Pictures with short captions
****************
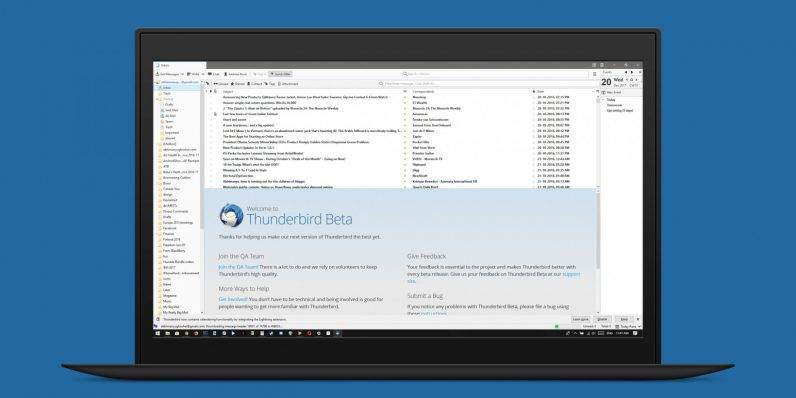 Thunderbird nova verzija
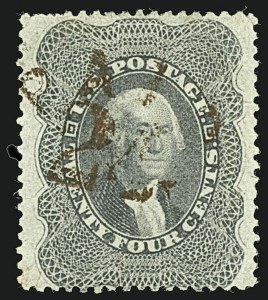 Sale 1109, Lot 439, 12c 1851-56 Issue, Off-Cover and Stamp Balances (Scott 17)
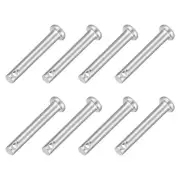 8Pcs 5/32" x 1" Single Hole Clevis Pins, 304 Stainless Steel Flat Head Pins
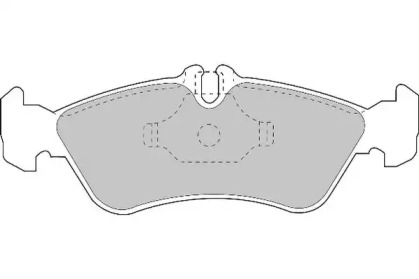 Комплект тормозных колодок (NECTO: FD6678V)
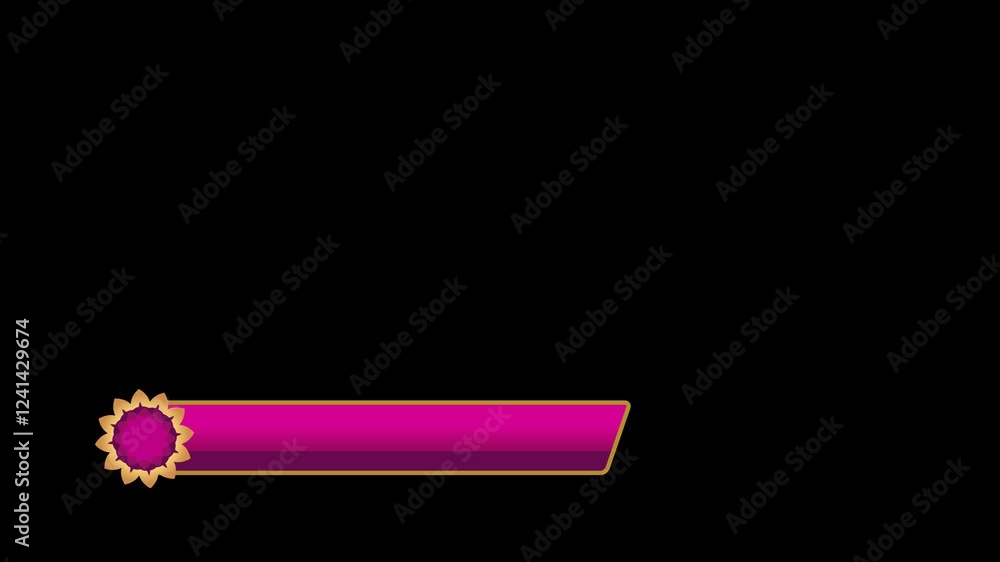Islamic lowerthird animation with transparent background. Ramadan theme in dark magenta. Floral ornament on the left side. Islamic lowerthird animation with transparent background. Ramadan theme in dark magenta. Floral ornament on the left side.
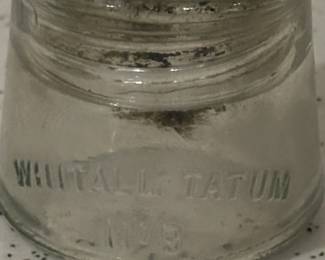 Vintage Whitall Tatum No. Glass Insulator second image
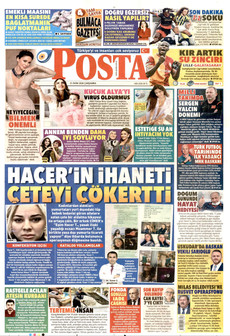 POSTA gazetesi ilk sayfası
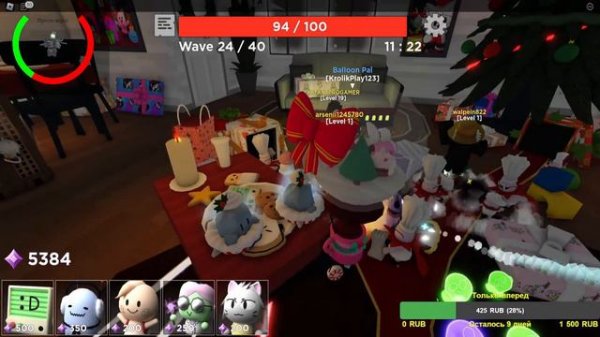 Рождественский ивент Tower Heroes, стрим обновление tower heroes Alten Games, stream tower heroes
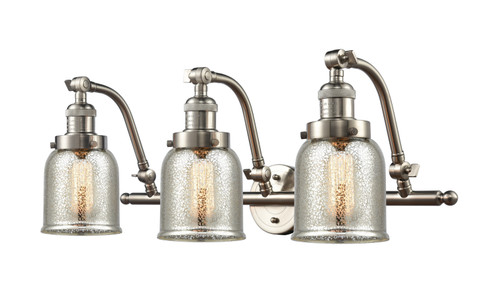 Franklin Restoration Three Light Bath Vanity in Brushed Satin Nickel (405|515-3W-SN-G58)
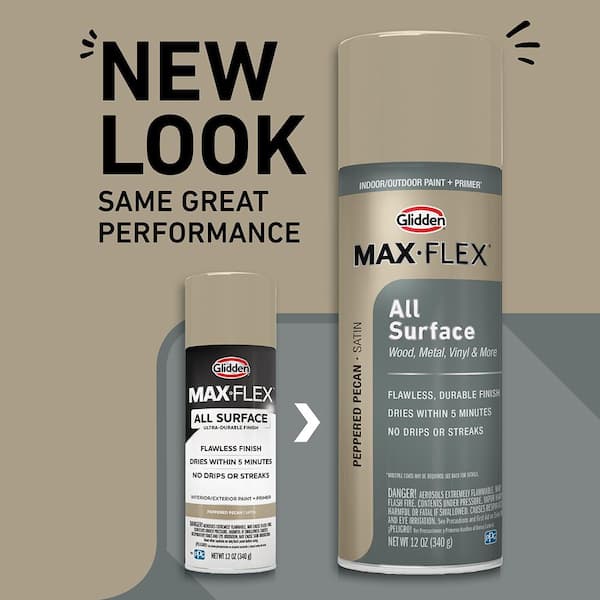GLIDDEN MAX FLEX 12 oz. Matte White Interior/Exterior All Surface Spray  Paint and Primer - Yahoo Shopping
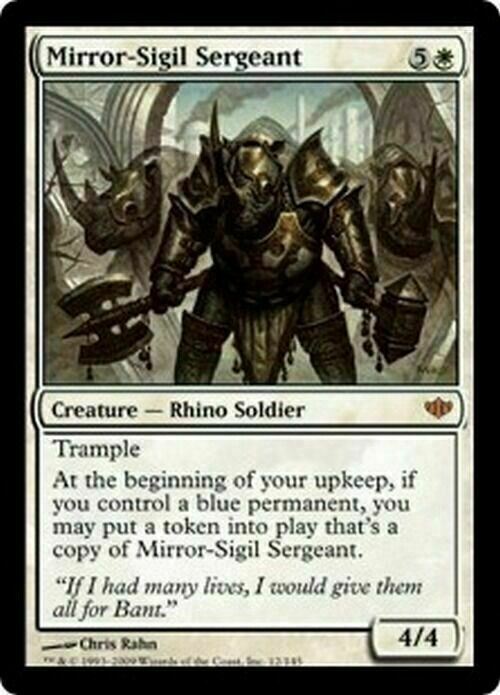 Mirror Sigil Sergeant ~ Conflux [ Excellent+ ] [ Magic MTG ] - London Magic Traders Limited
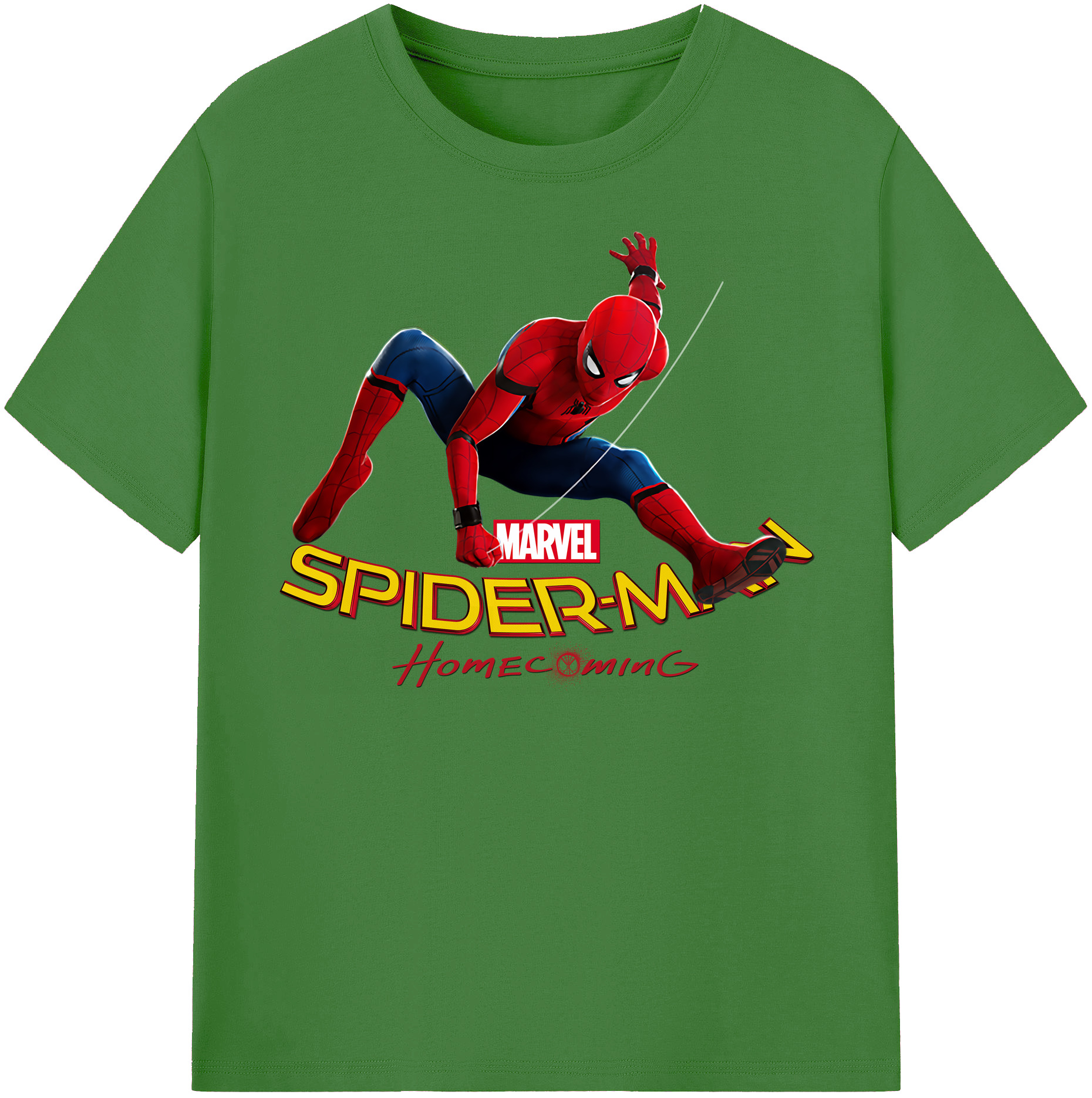Spider Man スパイダーマン レディースカジュアルプリントTシャツ（綿100％）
****************
**Task prompt**
Would you output the lines above from the line holding "Vintage Whitall Tatum" up to and including the line holding "Рождественский ивент Tower", exactly and only those, with no pictures?

**Completed exercise**
 Vintage Whitall Tatum No. Glass Insulator second image
 POSTA gazetesi ilk sayfası
 Рождественский ивент Tower Heroes, стрим обновление tower heroes Alten Games, stream tower heroes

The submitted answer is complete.